Отголоски чеховской символики обнаруживаются в письмах М. Кулиша, где речь идёт уже не о литературных героях, а о самом авторе. В одном из писем к О. Корнеевой-Масловой периода работы над «Коммуной в степях» сказано: «Я приеду в субботу или воскресенье, если только не подымется над головой какой-нибудь «топор», который перерубит моё решение. Топор этот — непредвиденные обстоятельства. Но, надеюсь, что их не будет» [Кулиш 1990 II: 623].

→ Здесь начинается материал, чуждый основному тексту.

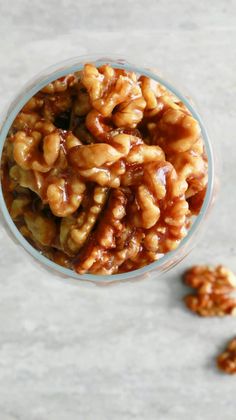 walnuts are in a glass bowl on the table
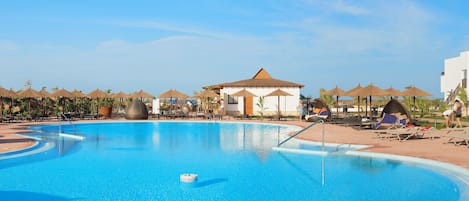 2 outdoor pools, pool umbrellas, pool loungers
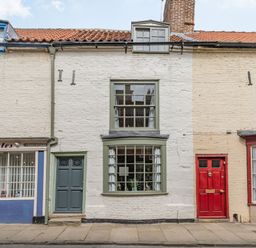 A street view showing a row of old brick buildings with a green door and windows in the center at 48 High Street Bridlington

Чеховский Петя Трофимов утверждал: «Ведь так ясно, чтобы начать жить в настоящем, надо сначала искупить наше прошлое, покончить с ним, а иску пить его можно только страданием, только необычайным, непрерывным трудом. <...> Вот оно счастье, вот оно идёт, подходит всё ближе и ближе, я уже слышу его шаги. И если мы не увидим, не узнаем его, то что за беда? Его увидят другие!» [С XIII, 228]. Эти слова предвещают идейную концепцию пьесы Кулиша. Э.А. Полоцкая справедливо отметила: «Сложное родство связывает чеховских героев с литературными героями других времён и стран» [Полоцкая 2000: 417]. Подобное родство обнаруживается и в героях «Коммуны в степях», финал которой по-чеховски открыт.
Литература
Кузякіна Н. П'єси Миколи Куліша. Літературна і сценічна історія. К.: Рад. письменник, 1970. 456 с.
Куліш М.Г. Твори: В 2 т. Т. 1: П'єси. К.: Дніпро, 1990. 509 с.

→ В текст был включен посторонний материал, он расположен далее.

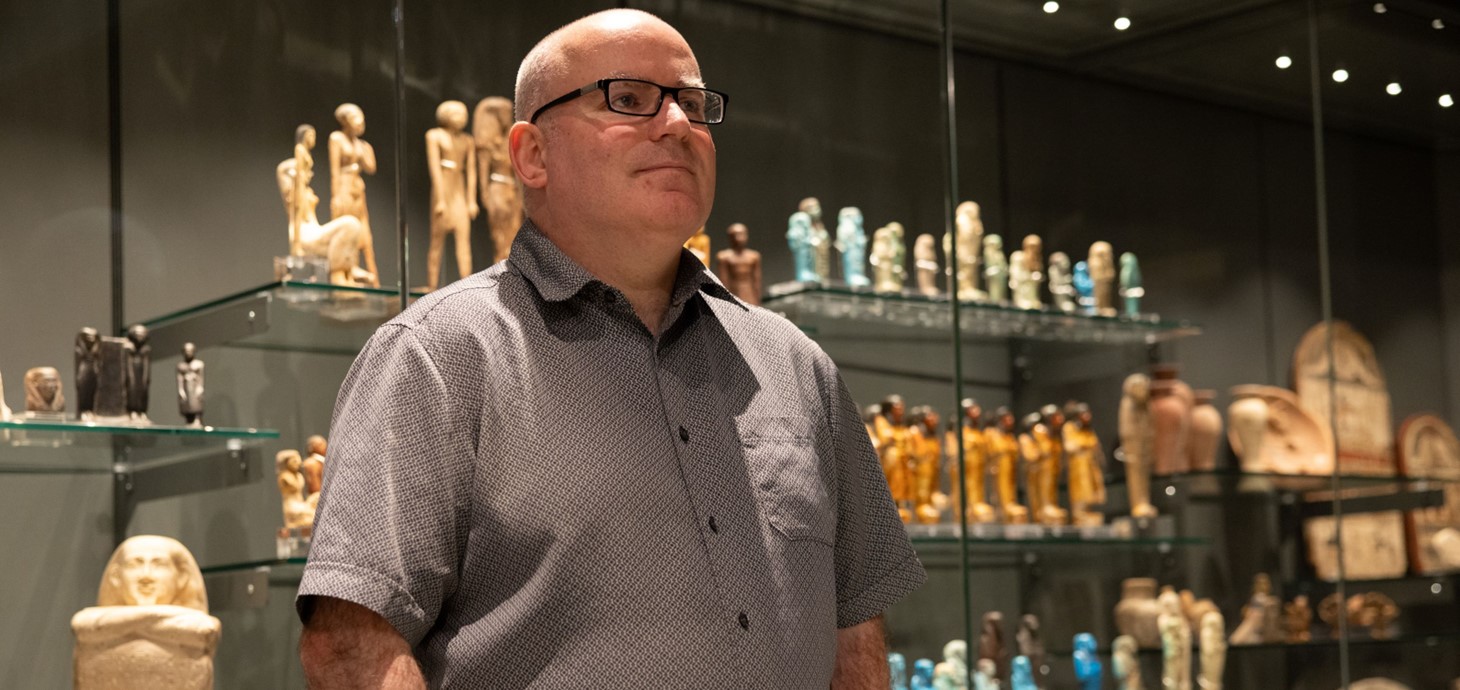 Man standing in front of display cases containing small statuettes.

Куліш М.Г. Твори: В 2 т. Т. 2: П'єси, статті, виступи, документи, листи, спогади про письменника. К.: Дніпро, 1990. 877 с.
Лихачёв Д.С. Поэзия садов. Л.: Наука, 1982. 344 с.
Полоцкая Э.А. Антон Чехов // Русская литература рубежа веков (1890-е — начало 1920-х годов). Кн. 1. М.: Наследие, 2000. С. 390—456.
Топоров В.Н. Мак // Мифы народов мира: Энцикл.: В 2 т. М.: Сов. энцикл., 1992. Т. 2. С. 90.
Цивьян Т.В. Verg. Georg. IV, 116—148: К мифологеме сада // Текст: семантика и структура. М.: Наука, 1983. С. 140—152.